Beestenboel: kokkels al populair als voedsel in de prehistorie

© Getty Images
Dirk Draulans
Dirk Draulans Bioloog en redacteur bij Knack.

De sterk geribbelde kokkel is de meest gevonden schelp op onze stranden. Maar het gaat vooral om fossiele dieren.

In barre weersomstandigheden telden zo’n vierhonderd vrijwilligers op 17 maart iets meer dan 30.000 schelpen op onze stranden. Een mooi voorbeeld van burgerwetenschap: vrijwilligers inschakelen om snel iets te doen waarmee wetenschappers anders maanden bezig zouden zijn. Met iets meer dan 7000 exemplaren was de kokkel de meest gevonden schelp. Dat de organisatoren hun wereld kennen, blijkt uit hun keuze van de kokkel als symbool voor hun eerste Grote Schelpenteldag.

In het bericht over de resultaten benadrukte het Vlaams Instituut voor de Zee (VLIZ) wel dat de meeste kokkels op onze stranden fossiele schelpen zijn, die aanspoelen nadat stormen of hevige stromingen ze hebben losgewoeld uit het zand in de zeebodem waarin ze begraven lagen. Kokkels zijn namelijk diertjes die eerder in wadachtige vlaktes leven dan in de smalle strandzones voor onze kust. Ze zeggen meer over ons voorhistorische kustlandschap dan over dat van nu. Vooral na een grote ijstijd zouden wij periodes met echte wadden voor onze kust gekend hebben.

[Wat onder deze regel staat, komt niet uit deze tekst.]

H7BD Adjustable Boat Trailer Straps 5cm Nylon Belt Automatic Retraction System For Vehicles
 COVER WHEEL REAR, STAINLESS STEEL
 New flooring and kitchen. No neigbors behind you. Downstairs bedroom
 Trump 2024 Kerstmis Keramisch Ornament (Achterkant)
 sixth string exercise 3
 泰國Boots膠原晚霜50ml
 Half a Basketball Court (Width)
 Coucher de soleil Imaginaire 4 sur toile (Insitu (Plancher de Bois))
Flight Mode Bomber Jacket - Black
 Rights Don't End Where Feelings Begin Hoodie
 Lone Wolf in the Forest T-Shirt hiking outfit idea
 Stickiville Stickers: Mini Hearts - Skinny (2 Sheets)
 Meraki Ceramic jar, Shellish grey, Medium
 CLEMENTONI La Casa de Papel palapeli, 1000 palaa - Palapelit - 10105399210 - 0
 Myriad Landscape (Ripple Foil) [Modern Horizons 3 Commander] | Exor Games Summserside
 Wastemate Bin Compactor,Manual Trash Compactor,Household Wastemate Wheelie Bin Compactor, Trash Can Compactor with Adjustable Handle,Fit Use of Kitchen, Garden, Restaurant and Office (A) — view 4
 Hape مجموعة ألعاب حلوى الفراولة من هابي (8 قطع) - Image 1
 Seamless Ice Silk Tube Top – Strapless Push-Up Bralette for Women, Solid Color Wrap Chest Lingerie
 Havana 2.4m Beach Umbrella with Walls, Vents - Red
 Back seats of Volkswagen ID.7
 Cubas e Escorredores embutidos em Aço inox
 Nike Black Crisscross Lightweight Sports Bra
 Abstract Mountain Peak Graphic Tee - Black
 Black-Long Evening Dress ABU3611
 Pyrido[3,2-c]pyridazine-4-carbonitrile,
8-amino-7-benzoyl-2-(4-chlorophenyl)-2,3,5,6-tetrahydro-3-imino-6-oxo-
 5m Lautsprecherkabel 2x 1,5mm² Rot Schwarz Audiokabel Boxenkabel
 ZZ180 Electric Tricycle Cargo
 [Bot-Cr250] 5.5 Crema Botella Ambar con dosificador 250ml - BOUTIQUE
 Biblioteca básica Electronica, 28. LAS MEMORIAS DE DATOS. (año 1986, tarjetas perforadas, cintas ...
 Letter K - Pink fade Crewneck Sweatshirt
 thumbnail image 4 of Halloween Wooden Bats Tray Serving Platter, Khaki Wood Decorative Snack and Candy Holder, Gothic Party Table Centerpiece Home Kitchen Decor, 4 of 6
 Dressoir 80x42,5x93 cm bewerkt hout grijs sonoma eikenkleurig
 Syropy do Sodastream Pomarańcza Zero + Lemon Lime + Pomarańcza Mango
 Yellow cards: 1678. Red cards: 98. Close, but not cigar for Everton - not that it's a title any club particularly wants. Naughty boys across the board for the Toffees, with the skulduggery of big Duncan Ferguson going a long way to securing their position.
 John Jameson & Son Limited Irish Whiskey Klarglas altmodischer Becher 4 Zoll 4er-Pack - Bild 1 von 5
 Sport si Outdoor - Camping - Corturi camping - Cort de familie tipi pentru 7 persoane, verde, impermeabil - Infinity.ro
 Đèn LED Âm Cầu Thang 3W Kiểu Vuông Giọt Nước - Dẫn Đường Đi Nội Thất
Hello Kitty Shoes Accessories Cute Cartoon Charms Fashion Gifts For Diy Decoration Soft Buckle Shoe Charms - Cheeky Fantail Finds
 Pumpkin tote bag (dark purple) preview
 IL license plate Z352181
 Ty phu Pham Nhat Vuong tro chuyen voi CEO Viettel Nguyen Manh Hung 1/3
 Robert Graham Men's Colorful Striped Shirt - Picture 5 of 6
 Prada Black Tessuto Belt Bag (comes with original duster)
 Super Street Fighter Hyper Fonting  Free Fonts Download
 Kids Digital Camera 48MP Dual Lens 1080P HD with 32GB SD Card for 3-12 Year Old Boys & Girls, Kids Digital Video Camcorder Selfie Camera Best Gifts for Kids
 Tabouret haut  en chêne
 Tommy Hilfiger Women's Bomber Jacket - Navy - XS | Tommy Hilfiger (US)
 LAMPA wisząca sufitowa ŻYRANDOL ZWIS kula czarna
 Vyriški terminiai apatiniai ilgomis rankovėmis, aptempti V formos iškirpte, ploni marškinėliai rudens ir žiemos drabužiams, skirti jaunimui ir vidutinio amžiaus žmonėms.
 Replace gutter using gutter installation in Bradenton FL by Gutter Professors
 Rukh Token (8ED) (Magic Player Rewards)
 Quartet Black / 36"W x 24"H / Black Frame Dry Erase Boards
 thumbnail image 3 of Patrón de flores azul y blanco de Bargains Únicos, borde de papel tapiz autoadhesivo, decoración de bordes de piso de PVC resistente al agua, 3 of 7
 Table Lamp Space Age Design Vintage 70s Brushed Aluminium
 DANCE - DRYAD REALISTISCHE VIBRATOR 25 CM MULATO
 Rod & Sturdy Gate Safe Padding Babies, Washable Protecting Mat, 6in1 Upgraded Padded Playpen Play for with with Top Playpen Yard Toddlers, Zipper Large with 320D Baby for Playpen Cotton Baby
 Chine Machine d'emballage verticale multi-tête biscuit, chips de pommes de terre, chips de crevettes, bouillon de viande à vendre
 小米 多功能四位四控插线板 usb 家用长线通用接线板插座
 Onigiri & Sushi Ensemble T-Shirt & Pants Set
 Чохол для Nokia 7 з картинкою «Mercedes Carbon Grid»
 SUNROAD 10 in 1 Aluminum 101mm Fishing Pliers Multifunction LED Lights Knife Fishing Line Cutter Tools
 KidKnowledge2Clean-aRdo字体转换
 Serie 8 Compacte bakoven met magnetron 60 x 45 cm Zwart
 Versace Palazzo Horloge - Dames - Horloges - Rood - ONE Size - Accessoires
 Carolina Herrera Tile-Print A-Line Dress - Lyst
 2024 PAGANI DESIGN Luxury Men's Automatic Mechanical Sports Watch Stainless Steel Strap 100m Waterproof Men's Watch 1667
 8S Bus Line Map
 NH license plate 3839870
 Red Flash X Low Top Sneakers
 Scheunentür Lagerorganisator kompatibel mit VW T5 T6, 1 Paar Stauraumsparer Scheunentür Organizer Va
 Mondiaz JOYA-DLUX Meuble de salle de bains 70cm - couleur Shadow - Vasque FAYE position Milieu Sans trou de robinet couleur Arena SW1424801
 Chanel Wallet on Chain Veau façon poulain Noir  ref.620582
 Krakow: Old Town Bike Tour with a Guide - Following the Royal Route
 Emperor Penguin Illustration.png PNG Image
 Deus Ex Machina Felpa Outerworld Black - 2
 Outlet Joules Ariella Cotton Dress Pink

Kokkels zeggen meer over onze voorhistorische kustlandschap dan over dat van nu

De kleur van een schelp verraadt zijn historische status. Levende kokkels zijn eerder wit tot lichtbruingrijs gekleurd, fossiele kokkels grijsblauw tot oranjebruin. De kokkelschelp is lichtjes hartvormig, met ruwe ribbels. Gemiddeld zijn er zo’n 25 ribbels per schelp. Het aantal hangt af van het zoutgehalte in het water: hoe hoger dat is, hoe meer ribbels. Daar is zelfs een wiskundige formule uit afgeleid, die gebruikt wordt om – aan de hand van het aantal kokkelribbels voor een bepaalde geologische periode – het gemiddelde zoutgehalte van het water te berekenen. De geschiedenis van de kokkel in onze regio gaat terug tot wat geologen het vroege pleistoceen noemen – dat is alles tussen 2,6 en 1 miljoen jaar geleden.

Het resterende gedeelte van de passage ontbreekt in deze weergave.